The IBJ Podcast with Mason King
Goodwill CEO expands programs, embraces mergers, tries new territories
Kent Kramer registered an inkling of his calling early in high school when he started working for a supermarket in his native Muncie. He loved helping customers, getting to know them better, examining what they were buying and seeing how they stretched their food dollars. After college he jumped onto the store management track with Sam’s Club, deep in the heart of American consumer culture.
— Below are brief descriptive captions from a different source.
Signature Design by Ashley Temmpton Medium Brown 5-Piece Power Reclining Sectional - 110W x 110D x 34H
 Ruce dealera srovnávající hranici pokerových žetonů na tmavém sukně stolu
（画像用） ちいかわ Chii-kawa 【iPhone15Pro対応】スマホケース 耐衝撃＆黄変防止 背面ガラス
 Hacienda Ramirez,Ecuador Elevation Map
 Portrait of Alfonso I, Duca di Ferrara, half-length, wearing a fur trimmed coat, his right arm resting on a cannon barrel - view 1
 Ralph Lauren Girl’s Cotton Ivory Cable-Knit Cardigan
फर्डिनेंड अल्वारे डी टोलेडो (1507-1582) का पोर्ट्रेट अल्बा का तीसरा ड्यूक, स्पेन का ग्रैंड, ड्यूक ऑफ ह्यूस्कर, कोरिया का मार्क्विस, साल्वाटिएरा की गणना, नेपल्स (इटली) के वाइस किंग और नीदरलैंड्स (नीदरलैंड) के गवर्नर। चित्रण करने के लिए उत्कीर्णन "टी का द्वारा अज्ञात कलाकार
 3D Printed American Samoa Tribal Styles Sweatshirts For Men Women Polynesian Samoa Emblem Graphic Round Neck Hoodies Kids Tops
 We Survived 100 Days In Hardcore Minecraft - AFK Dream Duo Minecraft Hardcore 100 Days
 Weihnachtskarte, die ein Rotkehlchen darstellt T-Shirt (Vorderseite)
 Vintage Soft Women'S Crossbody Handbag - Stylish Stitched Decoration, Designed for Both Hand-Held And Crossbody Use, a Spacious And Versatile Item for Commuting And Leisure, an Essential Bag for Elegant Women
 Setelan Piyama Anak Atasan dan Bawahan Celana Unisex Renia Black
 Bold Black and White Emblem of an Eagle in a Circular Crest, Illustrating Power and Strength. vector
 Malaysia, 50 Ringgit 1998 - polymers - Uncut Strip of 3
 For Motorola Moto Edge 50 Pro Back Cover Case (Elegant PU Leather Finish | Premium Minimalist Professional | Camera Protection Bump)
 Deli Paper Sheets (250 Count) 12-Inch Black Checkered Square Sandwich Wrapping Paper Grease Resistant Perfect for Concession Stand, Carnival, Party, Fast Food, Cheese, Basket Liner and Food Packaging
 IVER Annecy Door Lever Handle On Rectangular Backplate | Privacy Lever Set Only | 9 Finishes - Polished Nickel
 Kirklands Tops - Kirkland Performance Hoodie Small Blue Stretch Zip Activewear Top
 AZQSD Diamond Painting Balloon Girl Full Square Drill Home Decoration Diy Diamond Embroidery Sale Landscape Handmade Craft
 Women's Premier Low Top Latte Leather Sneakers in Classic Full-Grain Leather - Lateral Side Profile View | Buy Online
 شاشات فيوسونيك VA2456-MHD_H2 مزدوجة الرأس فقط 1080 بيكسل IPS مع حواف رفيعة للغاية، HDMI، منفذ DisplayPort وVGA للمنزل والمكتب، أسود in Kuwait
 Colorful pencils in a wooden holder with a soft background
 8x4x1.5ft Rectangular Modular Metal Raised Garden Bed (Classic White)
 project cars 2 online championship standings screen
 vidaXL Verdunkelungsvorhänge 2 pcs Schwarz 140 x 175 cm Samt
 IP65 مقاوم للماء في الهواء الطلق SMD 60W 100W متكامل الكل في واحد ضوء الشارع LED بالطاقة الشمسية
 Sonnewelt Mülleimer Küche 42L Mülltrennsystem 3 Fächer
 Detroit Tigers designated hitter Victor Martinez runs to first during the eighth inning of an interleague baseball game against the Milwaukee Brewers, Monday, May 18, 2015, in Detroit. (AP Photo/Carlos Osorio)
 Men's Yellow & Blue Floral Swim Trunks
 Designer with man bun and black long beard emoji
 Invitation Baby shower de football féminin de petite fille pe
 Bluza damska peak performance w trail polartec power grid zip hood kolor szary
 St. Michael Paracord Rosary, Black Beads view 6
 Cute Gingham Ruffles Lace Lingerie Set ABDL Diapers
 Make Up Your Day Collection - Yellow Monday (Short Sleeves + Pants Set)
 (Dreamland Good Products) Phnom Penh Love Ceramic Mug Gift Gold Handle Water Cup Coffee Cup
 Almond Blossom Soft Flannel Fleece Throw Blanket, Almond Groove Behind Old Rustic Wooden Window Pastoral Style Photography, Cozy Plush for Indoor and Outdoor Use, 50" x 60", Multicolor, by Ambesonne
This ultimately led him to his dream job with the global nonprofit Goodwill Industries, best known for the thrift stores that help power a wide variety of programs that help people become economically self-sufficient.   Kramer became president and CEO of Goodwill of Central Indiana in 2015 and has captained aggressive expansion of its programs and footprint. Now known, at least for the time being, as Goodwill of Central & Southern Indiana, the organization serves 40 Hoosier counties and 21 counties in central Illinois, while it establishes its model in Puerto Rico. Kramer has overseen impressive expansion of his organization’s employment, education and health services. That includes growing its maternal and natal care program to all 92 Indiana counties and scaling up its Excel Center program for adult education on a national level. Over the summer, IBJ Media recognized Kramer as the first recipient of its nonprofit executive of the year award, and he is our guest for this week’s edition of the IBJ Podcast discussing his early love for retail, how central Indiana’s Goodwill extended its influence to a U.S. territory and how the organization has handled the challenges of several mergers with like-minded nonprofits.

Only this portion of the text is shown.